> Problem statement:
Write out, from the entries below, exactly the lines that run between the lines holding "iiyama ProLite LH8675UHS-B2AG" and "New 2026 Oxford White Ford Base image 2", inclusive, and stop there.

> Supplied material:
------

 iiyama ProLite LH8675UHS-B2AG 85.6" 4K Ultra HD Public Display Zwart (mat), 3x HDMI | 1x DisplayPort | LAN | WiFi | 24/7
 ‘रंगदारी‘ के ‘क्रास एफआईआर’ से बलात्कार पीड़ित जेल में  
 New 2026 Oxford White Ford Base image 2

------

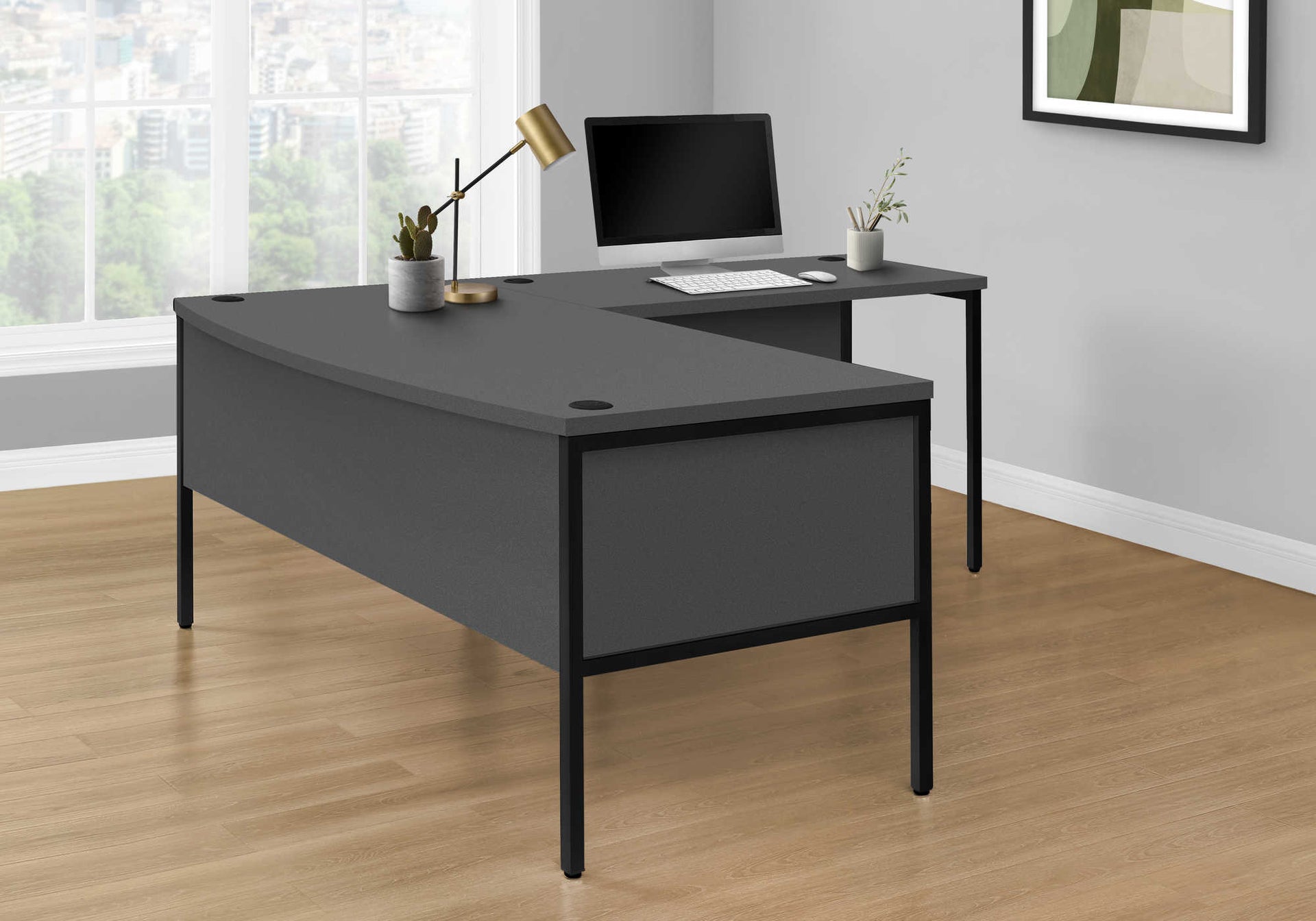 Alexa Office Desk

------

> Output:
 iiyama ProLite LH8675UHS-B2AG 85.6" 4K Ultra HD Public Display Zwart (mat), 3x HDMI | 1x DisplayPort | LAN | WiFi | 24/7
 ‘रंगदारी‘ के ‘क्रास एफआईआर’ से बलात्कार पीड़ित जेल में  
 New 2026 Oxford White Ford Base image 2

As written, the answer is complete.